# How much ground oatmeal should I ad to 5 lbs of soap?



## drdave46 (Feb 22, 2011)

I'm going to make my first batch of Oatmeal/Honey soap.  How much ground oatmeal should I add to the 5 Lb batch... thanks you guys/gals!!!

Dave


----------



## AmyW (Feb 22, 2011)

I think a lot of us use 1T PPO (per pound of oil). I use that amount but I use whole ground oat flour instead of grinding it myself. Using less or more coarse oatmeal might change how much you want to use.


----------



## krissy (Feb 22, 2011)

do you want it to be exfoliating? or just have the oatmeal in it? if you want to the oats with out the exfoliating, you can add baby oatmeal, it works really well.

also i agree about the 1T PPO.


----------



## drdave46 (Feb 22, 2011)

*Thank you*

Thanks for the input, I kinda figured 1t/PPO would be appropriate.  I want it to exfoliating... this should work.

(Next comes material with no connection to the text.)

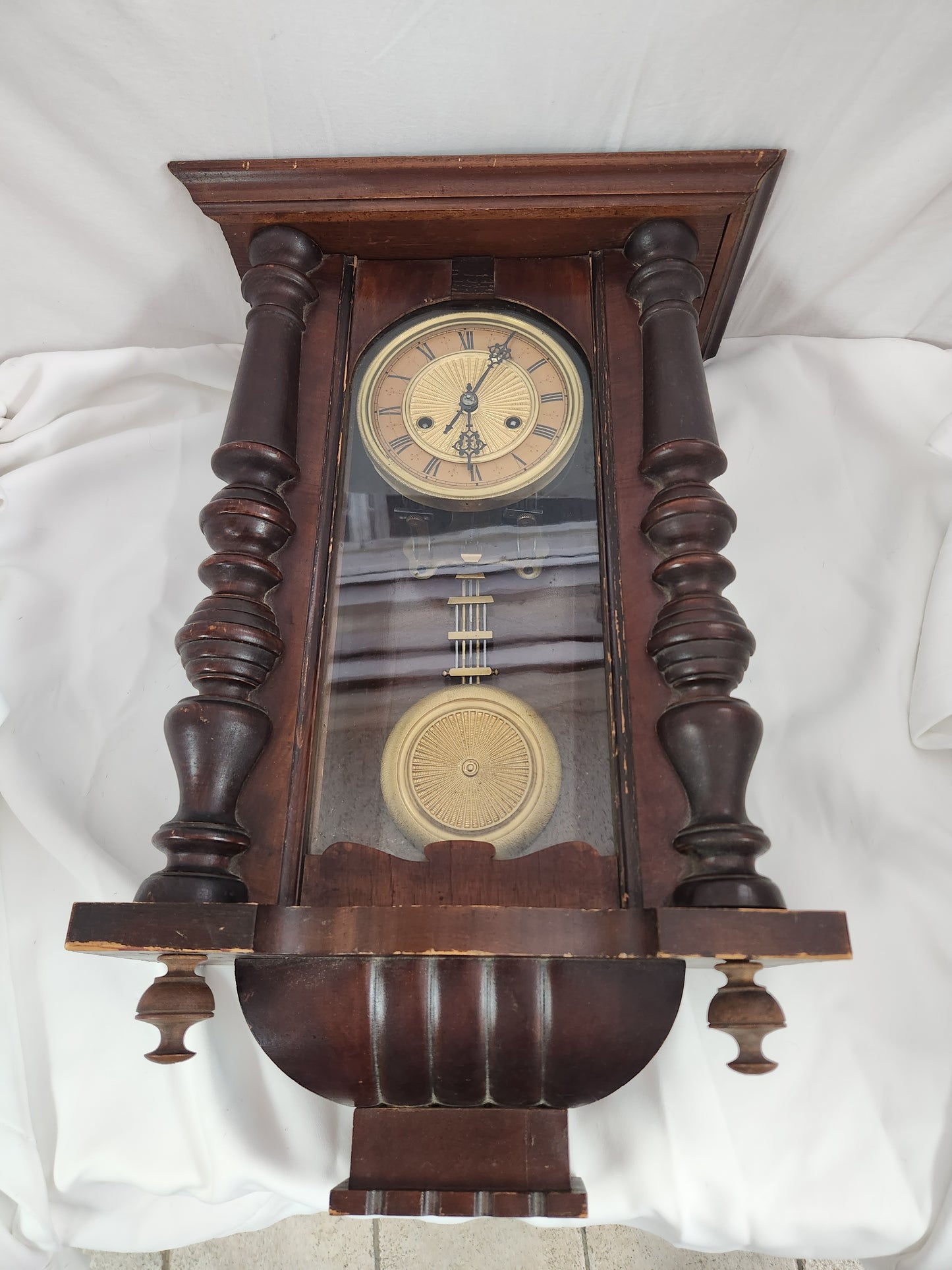Vintage - HAU Junghans Pendulum Wall Clock with Key (not tested)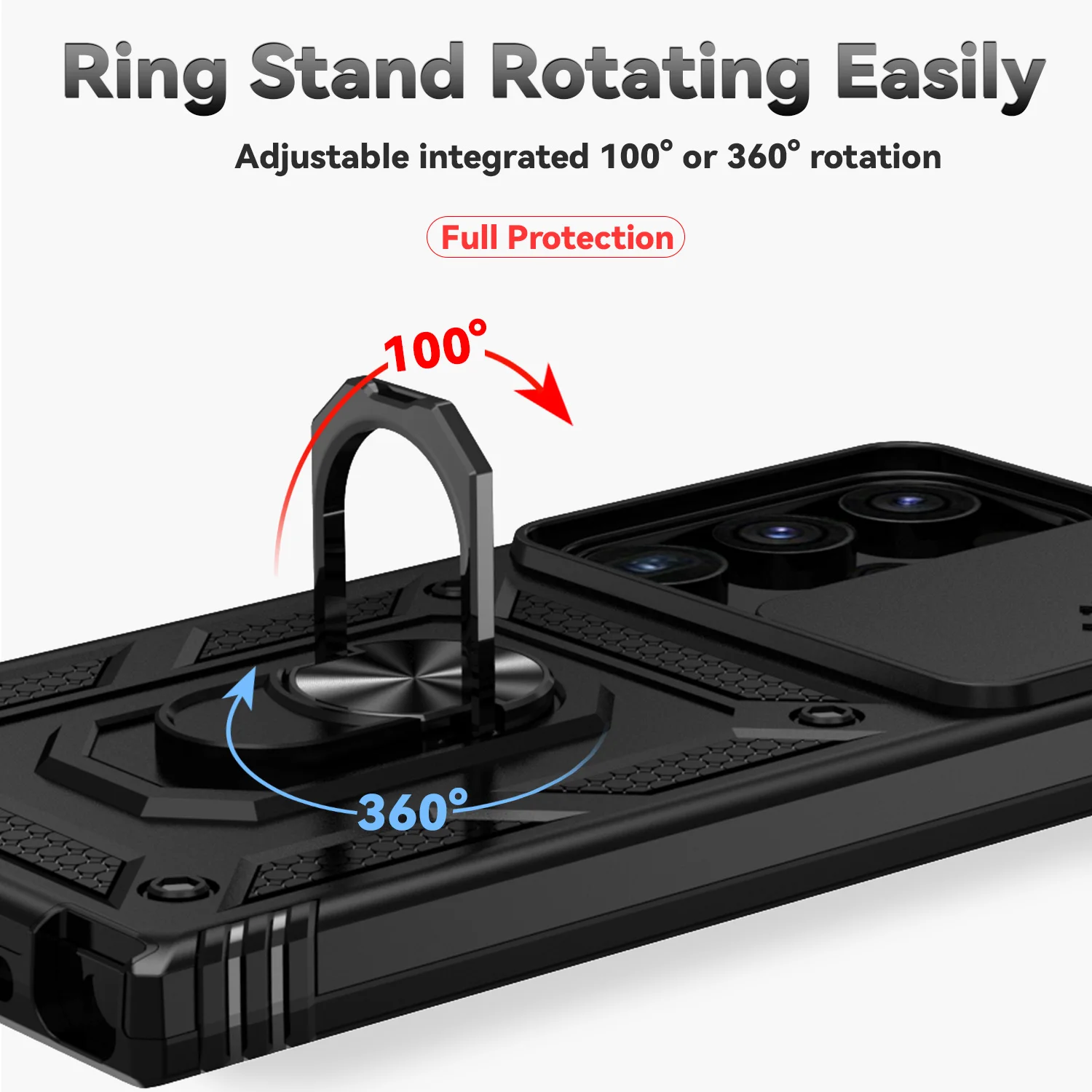 S6a48c55bba9e4ab3a6ff2fb81706dc29V Shockproof Hybrid Dual Layer Magnetic Ring Kickstand Case For Samsung GalaxyS24 23 FE 22 Ultra Puls Slide Camera Protetion Cover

Good soapmaking everyone... enjoy, I do.
dave


----------



## AmyW (Feb 22, 2011)

Dave, I just want to clarify since you typed a lowercase t (possibly for teaspoon), our T is referring to a full tablespoon =) If you aren't sure what you'll like more, you might try a 2 lb batch, split in half at trace and add 1T to one, 1t to the other. After a week, it should be cured enough to test both on your hands to see which "scrubby" you like more.


----------



## JackiK (Feb 22, 2011)

I used a quarter cup in a three pound batch and it turned out great.  I ground it in my coffee grinder first.


----------